**** DATA SECTION ****

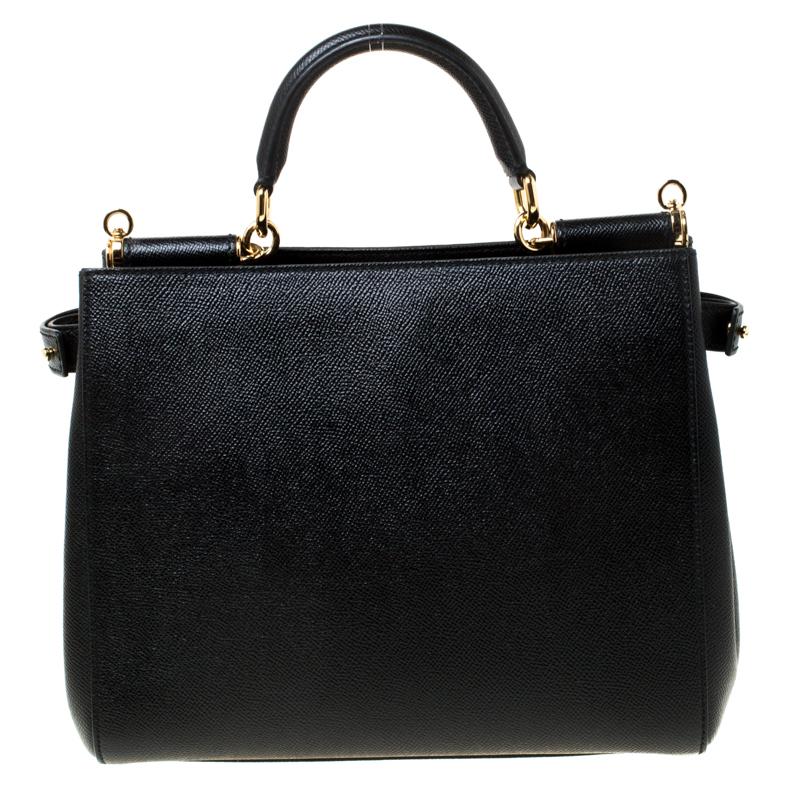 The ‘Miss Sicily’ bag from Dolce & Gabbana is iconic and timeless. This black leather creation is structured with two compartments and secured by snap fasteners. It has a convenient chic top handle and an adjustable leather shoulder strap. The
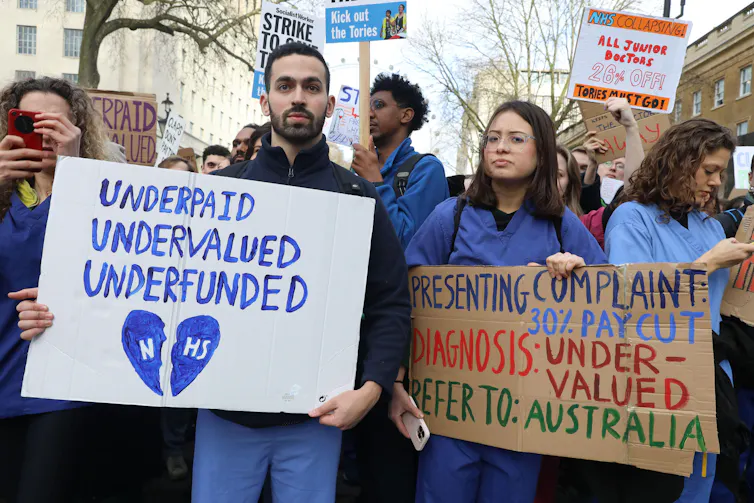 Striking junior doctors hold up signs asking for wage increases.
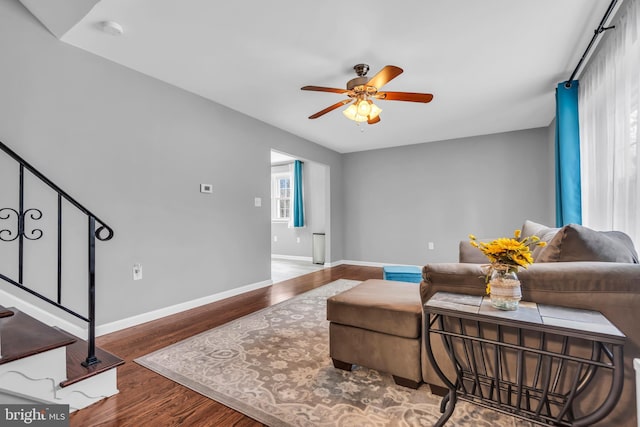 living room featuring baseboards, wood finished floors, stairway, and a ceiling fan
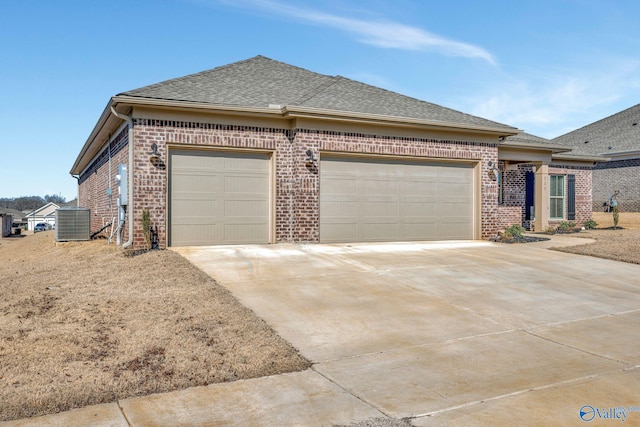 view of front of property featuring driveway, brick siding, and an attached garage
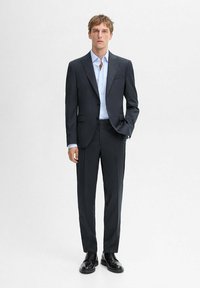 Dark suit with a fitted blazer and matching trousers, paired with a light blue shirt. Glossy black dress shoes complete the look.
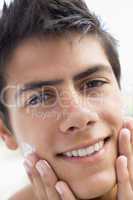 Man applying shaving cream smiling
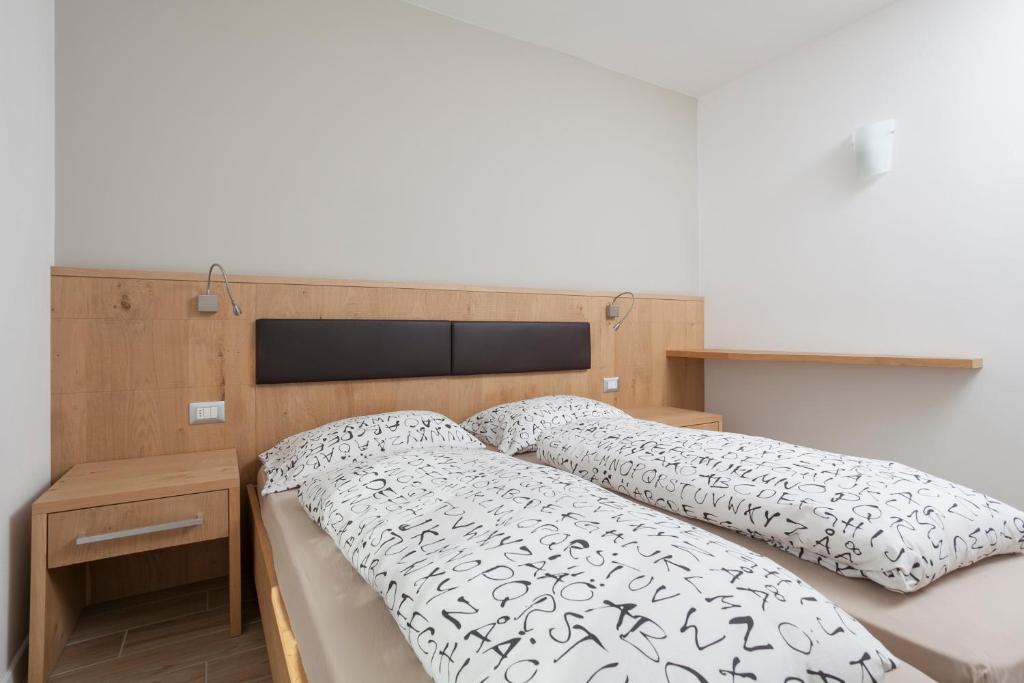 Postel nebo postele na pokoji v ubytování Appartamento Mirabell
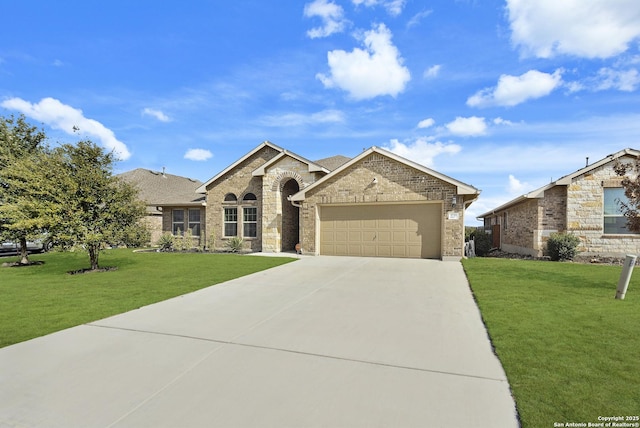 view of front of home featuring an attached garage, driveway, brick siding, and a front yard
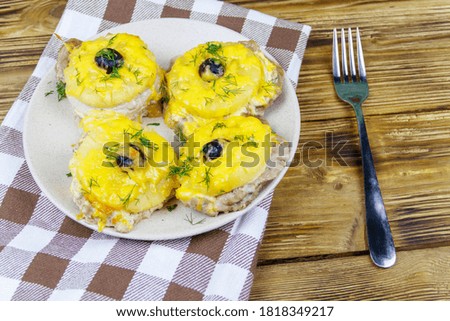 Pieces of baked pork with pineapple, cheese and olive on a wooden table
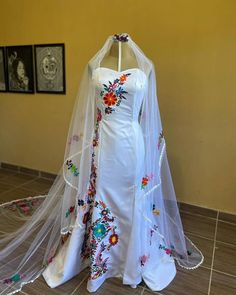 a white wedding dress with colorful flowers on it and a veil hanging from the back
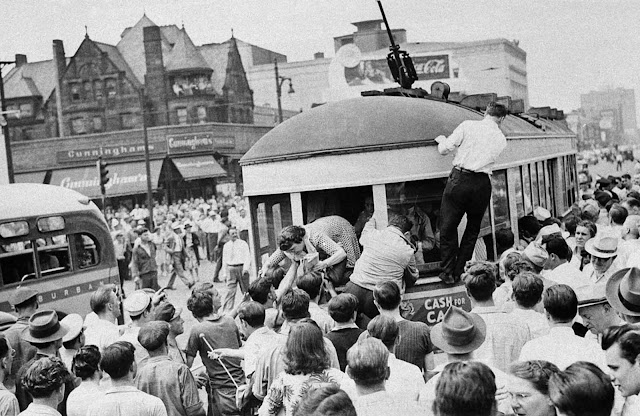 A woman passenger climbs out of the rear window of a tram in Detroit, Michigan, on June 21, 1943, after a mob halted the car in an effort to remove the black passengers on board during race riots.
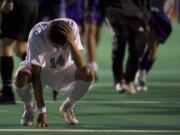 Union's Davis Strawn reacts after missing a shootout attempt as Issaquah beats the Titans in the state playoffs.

****
**** DATA SECTION ****

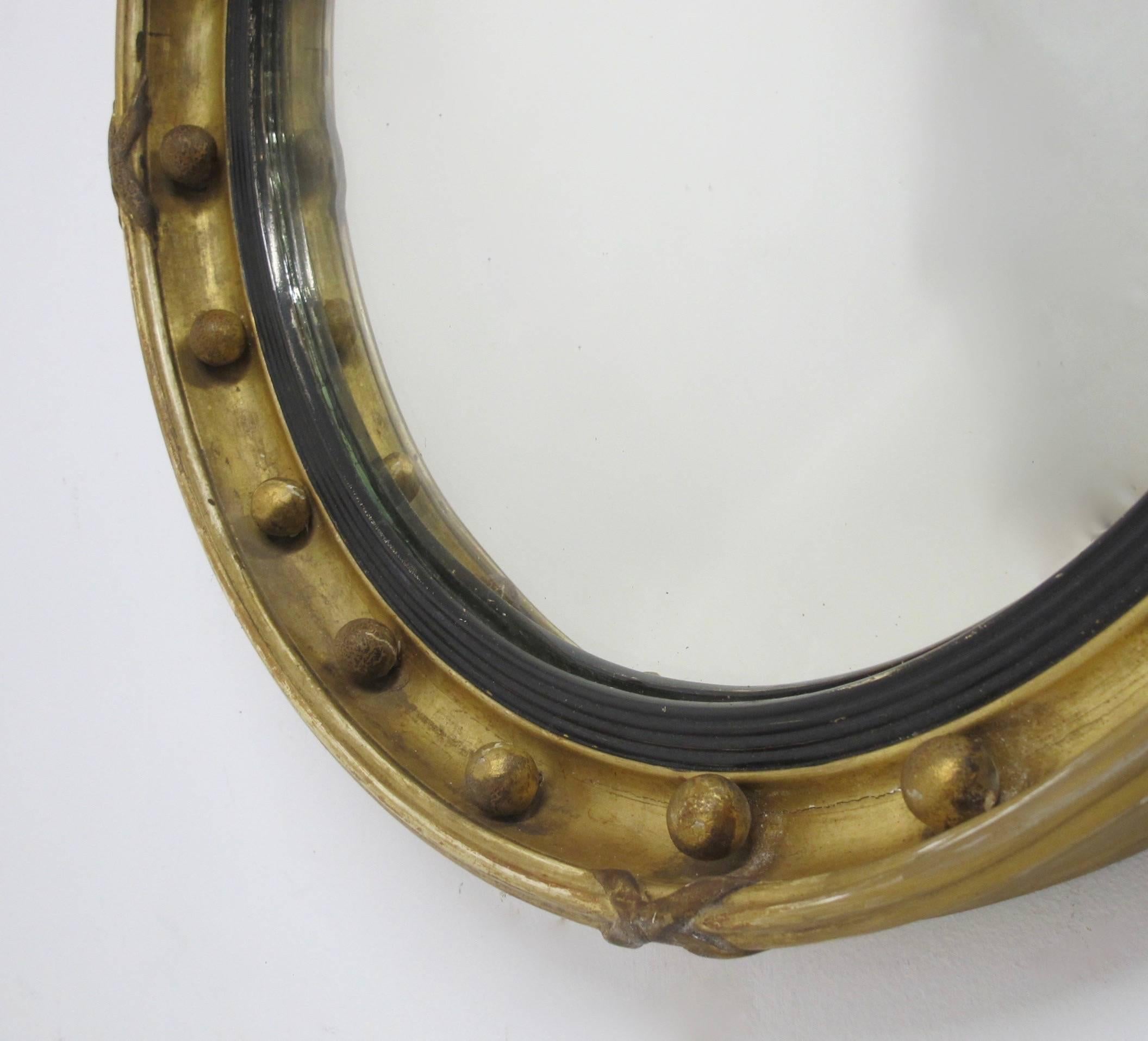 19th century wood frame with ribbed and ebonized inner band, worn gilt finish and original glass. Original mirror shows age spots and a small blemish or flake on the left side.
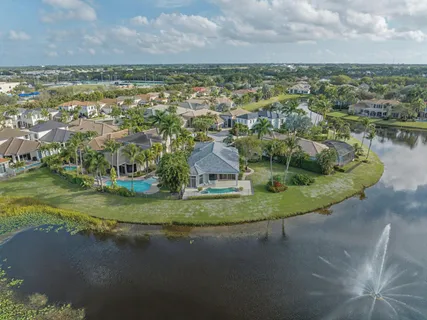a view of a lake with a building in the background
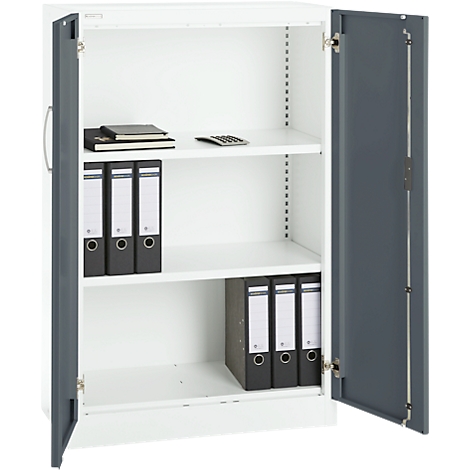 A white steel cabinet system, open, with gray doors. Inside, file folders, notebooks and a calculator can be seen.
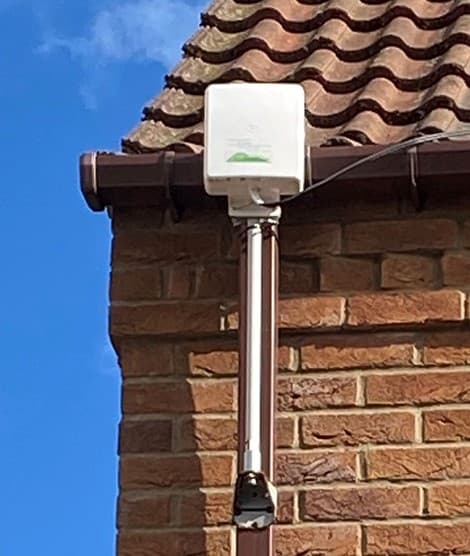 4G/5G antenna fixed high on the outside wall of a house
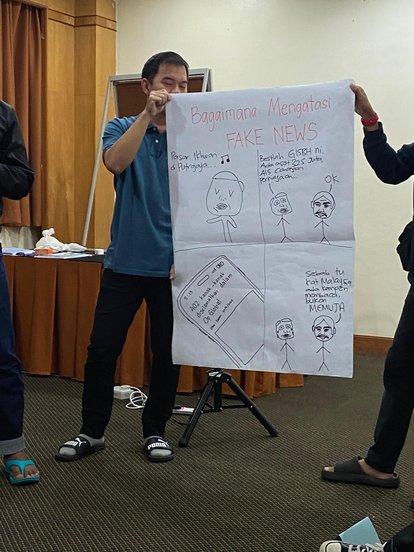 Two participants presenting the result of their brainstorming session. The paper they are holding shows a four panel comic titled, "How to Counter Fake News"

****

* INSTRUCTIONS TO FOLLOW
Using the listing above, repeat word for word each line from the one with "The ‘Miss Sicily’" down to the one with "A woman passenger", both included. Omit all pictures.

* RESPONSE AREA
 The ‘Miss Sicily’ bag from Dolce & Gabbana is iconic and timeless. This black leather creation is structured with two compartments and secured by snap fasteners. It has a convenient chic top handle and an adjustable leather shoulder strap. The
 Striking junior doctors hold up signs asking for wage increases.
 living room featuring baseboards, wood finished floors, stairway, and a ceiling fan
 view of front of property featuring driveway, brick siding, and an attached garage
 Dark suit with a fitted blazer and matching trousers, paired with a light blue shirt. Glossy black dress shoes complete the look.
 Man applying shaving cream smiling
 Postel nebo postele na pokoji v ubytování Appartamento Mirabell
 view of front of home featuring an attached garage, driveway, brick siding, and a front yard
 Pieces of baked pork with pineapple, cheese and olive on a wooden table
 a white wedding dress with colorful flowers on it and a veil hanging from the back
 A woman passenger climbs out of the rear window of a tram in Detroit, Michigan, on June 21, 1943, after a mob halted the car in an effort to remove the black passengers on board during race riots.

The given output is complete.